Wealthy people tend to influence government policies. This is as true for Serbia as for pretty much any country in the world. However, the Serbian experience may be just a little bit specific.

Quite like in Romania or Bulgaria, a class of former communist managers and intelligence officers acquired fortunes after the fall of communism by using state assets and connections. Unlike Romania and Bulgaria, however, Serbia was under UN economic sanctions and faced a series of wars in the 1990s, which meant that many of these oligarchs or tycoons had to look elsewhere to continue building their empires.

The minute Serbia’s socialist policies under Slobodan Milošević were defeated in 2000 the tycoons used their wealth to control the government and get even richer. Two of the country’s wealthiest businessmen – Philip Zepter and Miroslav Mišković – installed their cronies as righthand men to the new prime minister Zoran Djindjić.

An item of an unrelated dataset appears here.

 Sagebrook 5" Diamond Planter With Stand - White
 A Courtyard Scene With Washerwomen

Zepter, who made his fortune in Austria and Eastern Europe, went so far as to pick up the tab for Djindić’s lobbyist in Washington. Both tycoons were looking to profit from Serbia’s imminent privatization spree. They both did.

Mišković, who once was a minister in Slobodan Milošević’s government, built his empire in Serbia, Cyprus and Russia. By the early 2000s he was the richest person in Serbia, with massive investments in retail, banking and real estate. However, the U.S. Embassy in Belgrade suspected that Mišković made his fortune through corruption under Milošević and in 2007 recommended that the State Department issue a visa ban on the tycoon. This significantly hampered his business prospects.

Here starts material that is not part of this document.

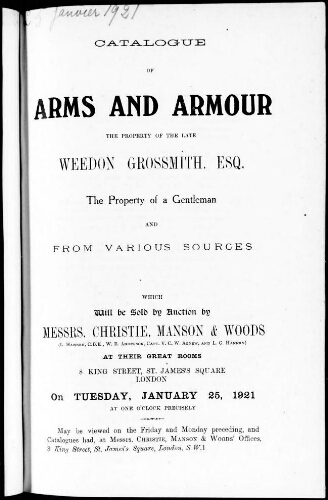 Catalogue of Arms and Armour the property of the late Weedon Grossmith [...] : [vente du 25 janvier 1921]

As things go, it was less than a year later that the U.S. needed Mišković’s help. After a snap election caused by the seccession of Kosovo, the U.S. wanted to have a pro-EU and pro-NATO government so that Serbia would accept the illegal status of its southern province or at least make no fuss about it. Over lunch hosted by Mišković at a posh Belgrade restaurant, Cameron Munter, the U.S. ambassador, nudged the tycoon and his fellow billionaires to support a coalition by the Democratic Party (once headed by Djindjić, who was assassinated in 2003 by rogue elements of the state security apparatus) and the Socialist Party founded by Slobodan Milošević. Mišković, who was rumored to fund several political parties, was the driving force behind support for the new government. He was also looking to get his visa ban lifted and to get his businesses back on track. And so, marking the culmination of tycoon power, a new government was formed.

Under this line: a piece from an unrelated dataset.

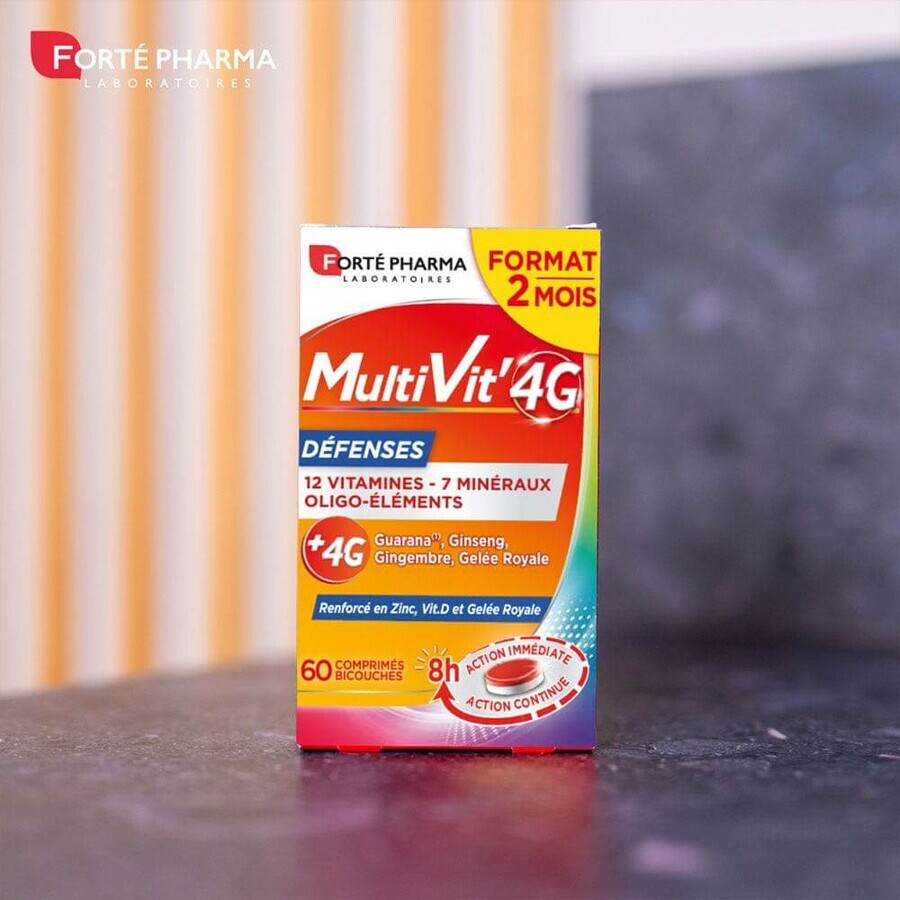 Forté Pharma MultiVit'4G Multivitamine Afweerstoffen met Zink en Vitamine D 60 Tabletten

All this changed in 2012 after the incumbent president Boris Tadić lost the election, bringing a new coalition into power. The new deputy prime minister, Aleksandar Vučić, launched an anti-corruption drive that saw Mišković arrested and tried over shady privatization deals. Mišković was eventually acquitted but has since refrained from politics.

Vučić was looking to sideline tycoons and he succeeded as Zepter and most billionaires followed Mišković’s lead. Some tycoons are now openly pro-government, some use the media they own to support the government but most are focused solely on their businesses.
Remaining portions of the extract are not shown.